Would you return, word for word, the lines of the data below from the line with "Спальня Катя (комплект" through the line with "注文コード:78264006 UCA2シリーズ ユニットシリンダ(UCA2-L-X~)", and no others?

[Source records]
/---

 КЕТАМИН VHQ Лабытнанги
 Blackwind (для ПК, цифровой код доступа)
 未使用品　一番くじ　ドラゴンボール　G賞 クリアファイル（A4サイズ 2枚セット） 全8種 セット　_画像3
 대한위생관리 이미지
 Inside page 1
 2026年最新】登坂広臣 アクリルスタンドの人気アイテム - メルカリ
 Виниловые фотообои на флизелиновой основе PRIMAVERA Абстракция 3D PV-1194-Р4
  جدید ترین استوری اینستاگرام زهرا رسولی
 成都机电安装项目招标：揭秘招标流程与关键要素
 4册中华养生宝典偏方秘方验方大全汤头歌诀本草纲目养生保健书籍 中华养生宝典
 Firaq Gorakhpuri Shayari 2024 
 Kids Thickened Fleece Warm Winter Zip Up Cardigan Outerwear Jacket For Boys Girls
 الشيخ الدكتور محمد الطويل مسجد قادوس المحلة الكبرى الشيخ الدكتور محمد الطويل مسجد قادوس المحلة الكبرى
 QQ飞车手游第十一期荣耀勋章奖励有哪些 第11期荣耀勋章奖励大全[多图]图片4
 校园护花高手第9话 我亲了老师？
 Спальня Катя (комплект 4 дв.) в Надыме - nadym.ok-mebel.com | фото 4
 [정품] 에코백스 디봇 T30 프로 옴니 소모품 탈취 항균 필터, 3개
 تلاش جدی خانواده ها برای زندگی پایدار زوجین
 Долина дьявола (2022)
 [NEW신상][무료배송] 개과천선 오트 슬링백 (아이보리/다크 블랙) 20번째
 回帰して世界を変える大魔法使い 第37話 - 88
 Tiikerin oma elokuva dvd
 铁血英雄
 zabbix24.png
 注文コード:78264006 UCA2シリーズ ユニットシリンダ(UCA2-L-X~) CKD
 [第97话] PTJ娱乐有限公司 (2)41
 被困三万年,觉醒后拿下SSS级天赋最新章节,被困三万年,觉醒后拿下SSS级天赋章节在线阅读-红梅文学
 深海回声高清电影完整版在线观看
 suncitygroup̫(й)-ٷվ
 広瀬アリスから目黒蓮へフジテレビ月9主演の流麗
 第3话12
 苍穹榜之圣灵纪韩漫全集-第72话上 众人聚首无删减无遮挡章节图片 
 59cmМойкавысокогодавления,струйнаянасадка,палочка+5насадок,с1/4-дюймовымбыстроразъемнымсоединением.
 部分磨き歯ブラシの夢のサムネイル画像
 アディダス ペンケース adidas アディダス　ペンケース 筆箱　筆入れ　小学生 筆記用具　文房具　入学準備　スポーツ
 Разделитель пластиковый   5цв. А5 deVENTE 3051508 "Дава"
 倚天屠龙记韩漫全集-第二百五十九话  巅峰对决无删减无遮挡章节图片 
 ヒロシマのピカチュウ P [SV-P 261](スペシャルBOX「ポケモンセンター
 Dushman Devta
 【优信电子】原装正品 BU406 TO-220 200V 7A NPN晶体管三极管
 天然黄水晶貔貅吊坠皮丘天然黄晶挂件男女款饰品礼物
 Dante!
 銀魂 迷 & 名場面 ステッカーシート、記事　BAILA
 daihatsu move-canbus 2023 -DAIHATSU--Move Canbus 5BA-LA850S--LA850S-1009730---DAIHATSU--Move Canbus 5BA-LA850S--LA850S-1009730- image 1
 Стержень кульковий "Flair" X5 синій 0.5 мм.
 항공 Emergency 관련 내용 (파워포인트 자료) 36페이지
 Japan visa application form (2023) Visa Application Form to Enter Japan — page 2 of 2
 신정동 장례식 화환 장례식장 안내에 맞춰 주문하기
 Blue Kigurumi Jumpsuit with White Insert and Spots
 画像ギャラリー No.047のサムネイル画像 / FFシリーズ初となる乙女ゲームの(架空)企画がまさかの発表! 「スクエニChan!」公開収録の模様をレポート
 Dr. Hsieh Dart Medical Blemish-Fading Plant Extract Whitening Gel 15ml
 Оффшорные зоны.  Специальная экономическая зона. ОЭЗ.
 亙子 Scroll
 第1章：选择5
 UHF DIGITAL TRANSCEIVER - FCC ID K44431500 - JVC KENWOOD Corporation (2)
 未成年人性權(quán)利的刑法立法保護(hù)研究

\---

▶ [EXPECTED OUTPUT]
 Спальня Катя (комплект 4 дв.) в Надыме - nadym.ok-mebel.com | фото 4
 [정품] 에코백스 디봇 T30 프로 옴니 소모품 탈취 항균 필터, 3개
 تلاش جدی خانواده ها برای زندگی پایدار زوجین
 Долина дьявола (2022)
 [NEW신상][무료배송] 개과천선 오트 슬링백 (아이보리/다크 블랙) 20번째
 回帰して世界を変える大魔法使い 第37話 - 88
 Tiikerin oma elokuva dvd
 铁血英雄
 zabbix24.png
 注文コード:78264006 UCA2シリーズ ユニットシリンダ(UCA2-L-X~) CKD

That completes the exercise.